According to Matt, the lecture will examine how the expressed and repressed emotions affect American life and how these changing emotions define the course of history.

She said that studying history through emotion offers us a different way of understanding what our society is about.

“It’s as much about what goes on inside our heads as what goes on in the physical world that shapes our economy in society,” she said.

Matt said she will primarily focus on how emotions like envy impacted American history, especially when pertaining to capitalism. In fact, she’s particularly interested in how emotions integral to capitalism have changed over time.

Susan
Susan Matt, WSU history department chair, was nominated to be the 15th annual Hinckley lecturer. Matt will lecture on the emotional history of America. (Source: History Department)

She said that people believe capitalism depends on things like banks and mass production. One of her main goals during the lecture will be to shed light on how emotions play a key role in a capitalist society.

“Those institutions would have no significance if American’s hadn’t learned certain habits about how to act on their emotions,” she said. “So how did we learn to become buyers and spenders and what emotional patterns sustain that?”

Matt was nominated to carry on the Hinckley legacy based on her accomplishments and research as a faculty member, according to Michael B. Vaughan, the Weber State provost.

According to Vaughan, most faculty members who are nominated have shown exemplary performance in the three areas of the award, which are teaching, scholarship and service. Once you win the award in the spring, you are welcomed to give a campus lecture in the fall.

For Vaughan, the lecture series is a great way to bring attention to what faculty members are doing in their research and on campus.

“For the most part, the students on campus are unaware of the research on campus that the faculty is doing,” he said. “It gives the students an opportunity to learn about that research.”

The Hinckley award recipient is allowed to choose whatever topic they want to discuss with the campus and community, said Vaughan.

“Most talk about their research and that’s really intended to be the focus of the lecture,” he said. “They are free to talk about anything they wish.”

Matt has always been interested in history, even as a child.
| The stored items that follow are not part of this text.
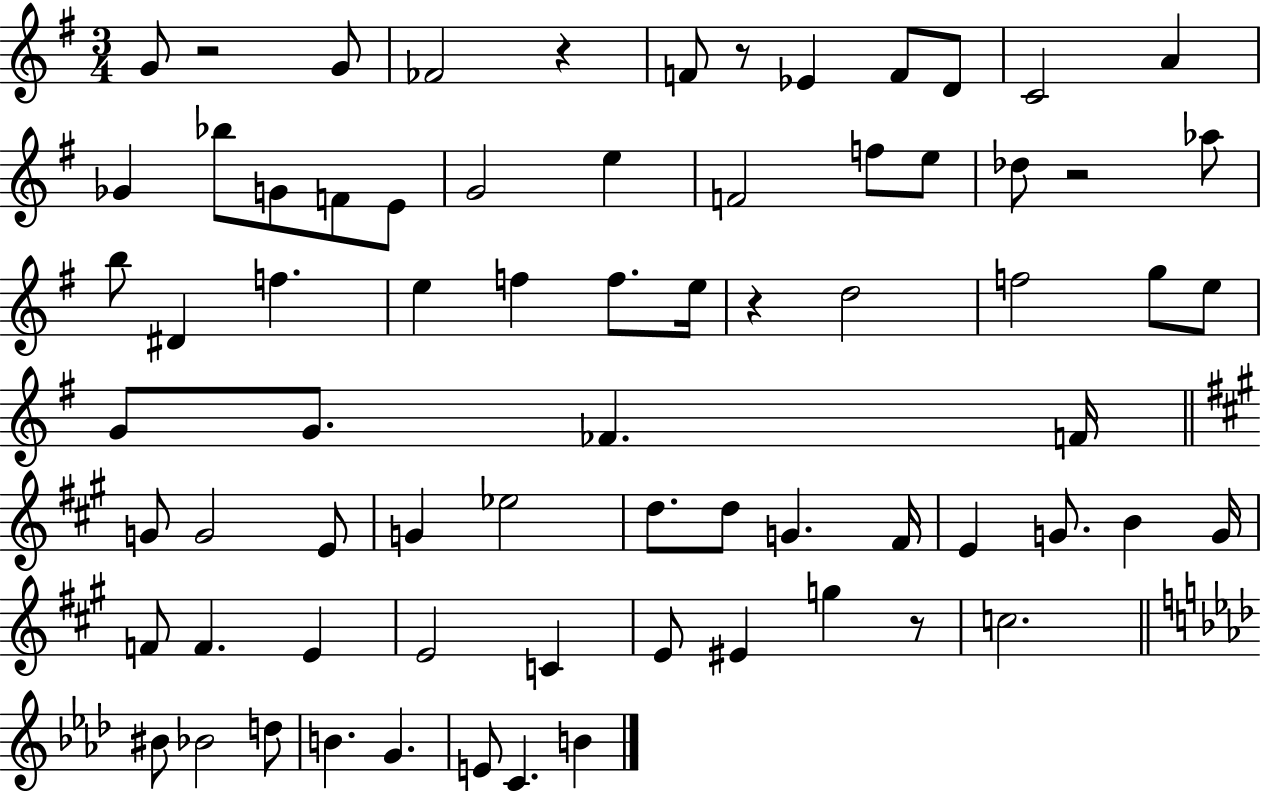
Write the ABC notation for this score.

X:1
T:Untitled
M:3/4
L:1/4
K:G
G/2 z2 G/2 _F2 z F/2 z/2 _E F/2 D/2 C2 A _G _b/2 G/2 F/2 E/2 G2 e F2 f/2 e/2 _d/2 z2 _a/2 b/2 ^D f e f f/2 e/4 z d2 f2 g/2 e/2 G/2 G/2 _F F/4 G/2 G2 E/2 G _e2 d/2 d/2 G ^F/4 E G/2 B G/4 F/2 F E E2 C E/2 ^E g z/2 c2 ^B/2 _B2 d/2 B G E/2 C B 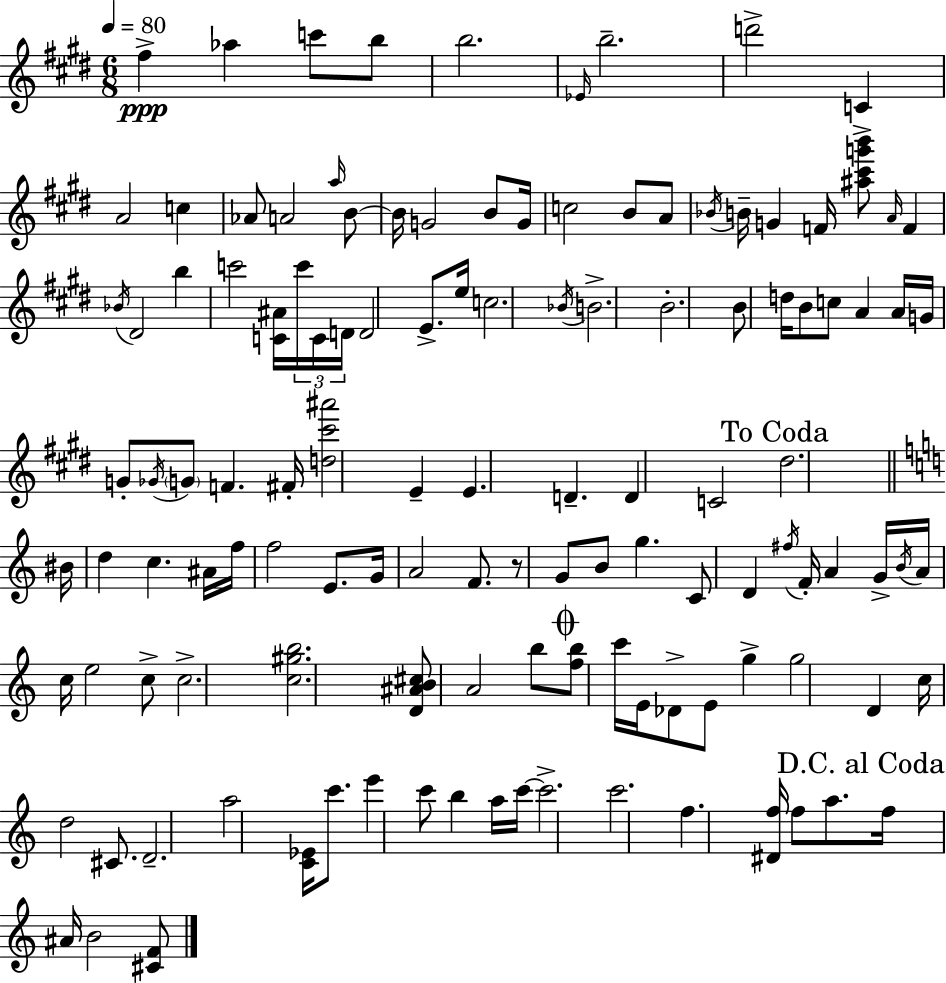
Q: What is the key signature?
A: E major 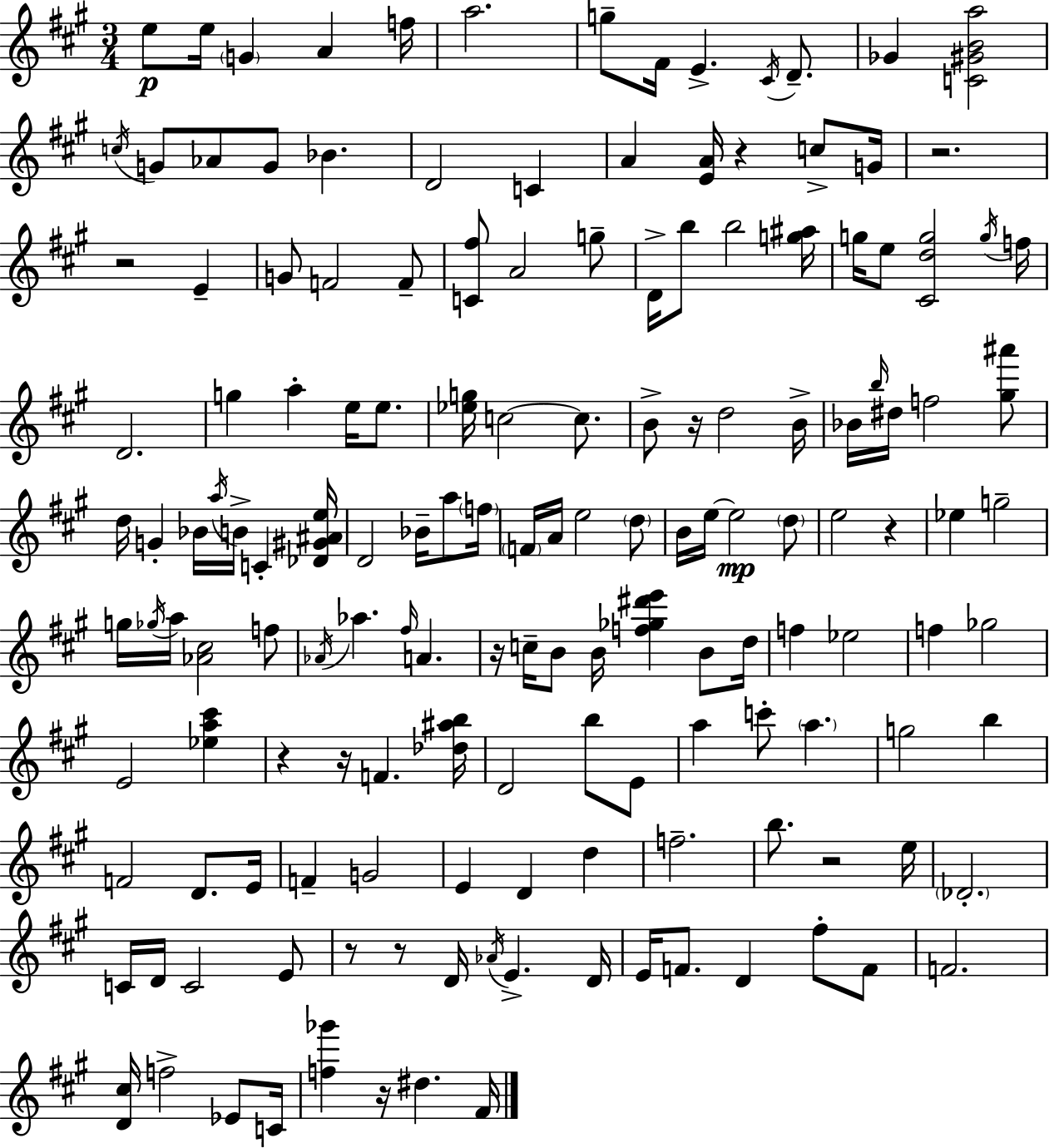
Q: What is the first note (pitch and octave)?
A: E5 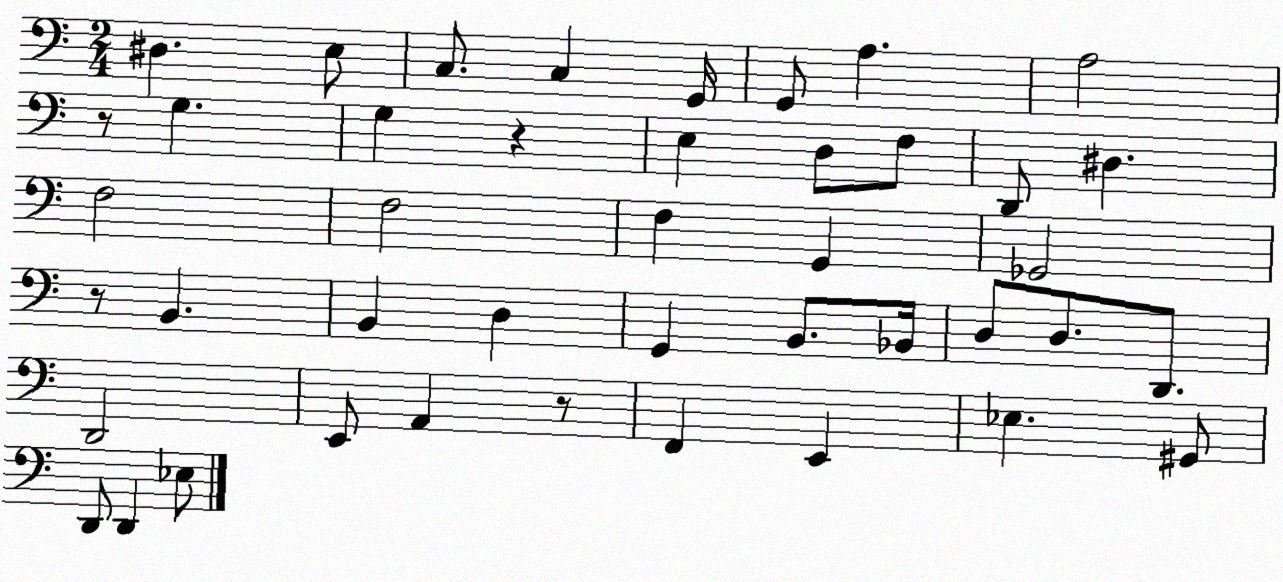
X:1
T:Untitled
M:2/4
L:1/4
K:C
^D, E,/2 C,/2 C, G,,/4 G,,/2 A, A,2 z/2 G, G, z E, D,/2 F,/2 D,,/2 ^D, F,2 F,2 F, G,, _G,,2 z/2 B,, B,, D, G,, B,,/2 _B,,/4 D,/2 D,/2 D,,/2 D,,2 E,,/2 A,, z/2 F,, E,, _E, ^G,,/2 D,,/2 D,, _E,/2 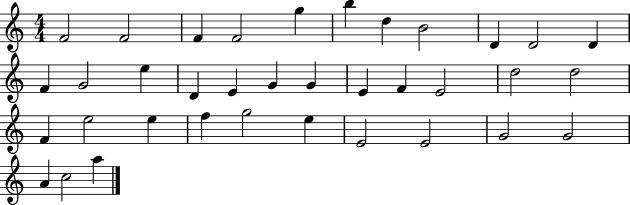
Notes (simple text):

F4/h F4/h F4/q F4/h G5/q B5/q D5/q B4/h D4/q D4/h D4/q F4/q G4/h E5/q D4/q E4/q G4/q G4/q E4/q F4/q E4/h D5/h D5/h F4/q E5/h E5/q F5/q G5/h E5/q E4/h E4/h G4/h G4/h A4/q C5/h A5/q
However, she chose discussing history through emotion because it’s something she thought would be a unique experience to share with students.

“It’s kind of a strange little sub-field, but I find it really fascinating,” she said. “I thought since everybody has emotions, they might be interested in the historical context for them.”

WSU English Professor and Brady Presidential Distinguished Professor Michael Wutz nominated Matt because of her accomplishments not only as a teacher, but as a well-rounded human being.

“I think that (Matt) is an extraordinary individual on all levels, both as a scholar, as a teacher and also as a Weber State citizen,” he said. “I just love her willingness to go the extra mile.”

Wutz is looking forward to attending her lecture and encourages students to get involved with campus events like this.

“It’s going to be really, really good,” he said. “I think that for even somebody like me who is not a historian will be able to take a lot away from her lecture.”

The free lecture will be held on Nov. 18 at 1 p.m. in the Stewart Library Hetzel-Hoellein Room.